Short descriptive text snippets
________________________

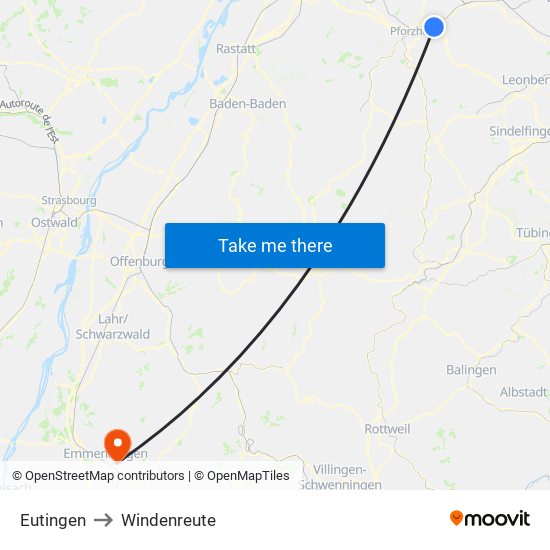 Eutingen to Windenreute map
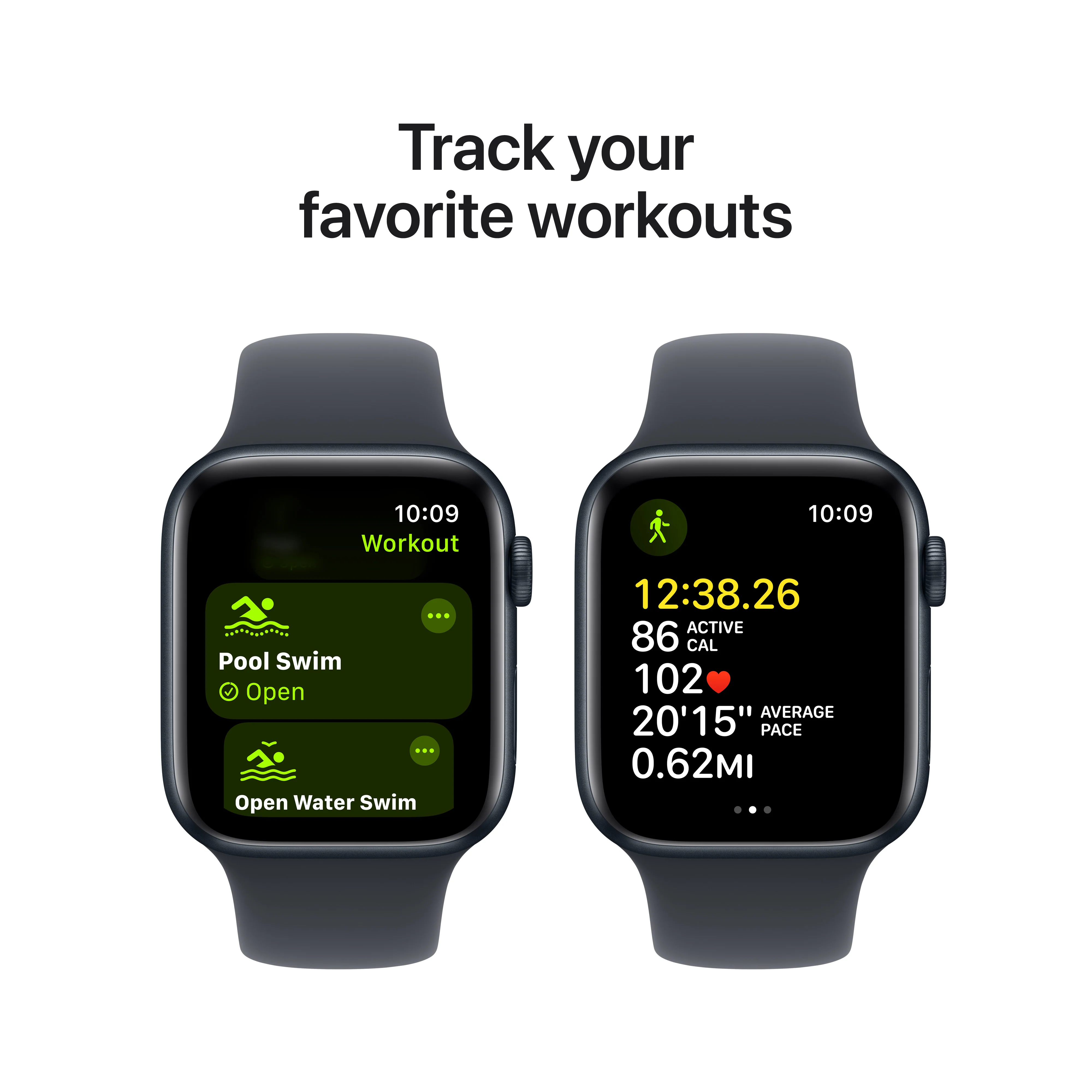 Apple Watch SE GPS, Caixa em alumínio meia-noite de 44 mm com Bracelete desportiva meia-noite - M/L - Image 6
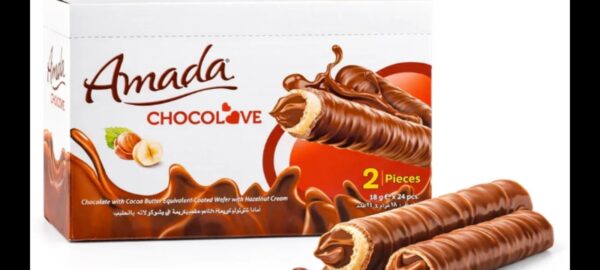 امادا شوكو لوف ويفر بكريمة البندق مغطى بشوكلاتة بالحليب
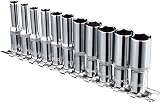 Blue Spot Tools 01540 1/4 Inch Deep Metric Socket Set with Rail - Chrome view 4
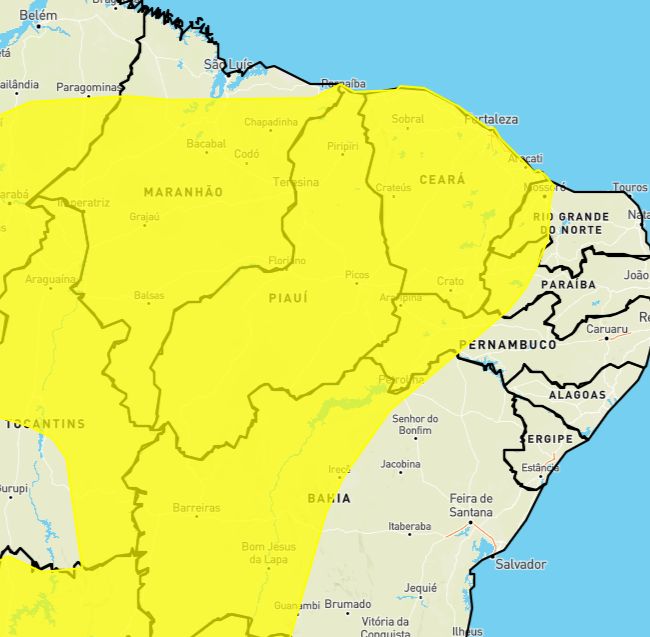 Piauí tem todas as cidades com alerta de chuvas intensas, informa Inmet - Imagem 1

________________________

[YOUR ASSIGNMENT] Word for word, reproduce all of the entries above and omit the pictures.

[RESULT BELOW]
 Eutingen to Windenreute map
 Apple Watch SE GPS, Caixa em alumínio meia-noite de 44 mm com Bracelete desportiva meia-noite - M/L - Image 6
 امادا شوكو لوف ويفر بكريمة البندق مغطى بشوكلاتة بالحليب
 Blue Spot Tools 01540 1/4 Inch Deep Metric Socket Set with Rail - Chrome view 4
 Piauí tem todas as cidades com alerta de chuvas intensas, informa Inmet - Imagem 1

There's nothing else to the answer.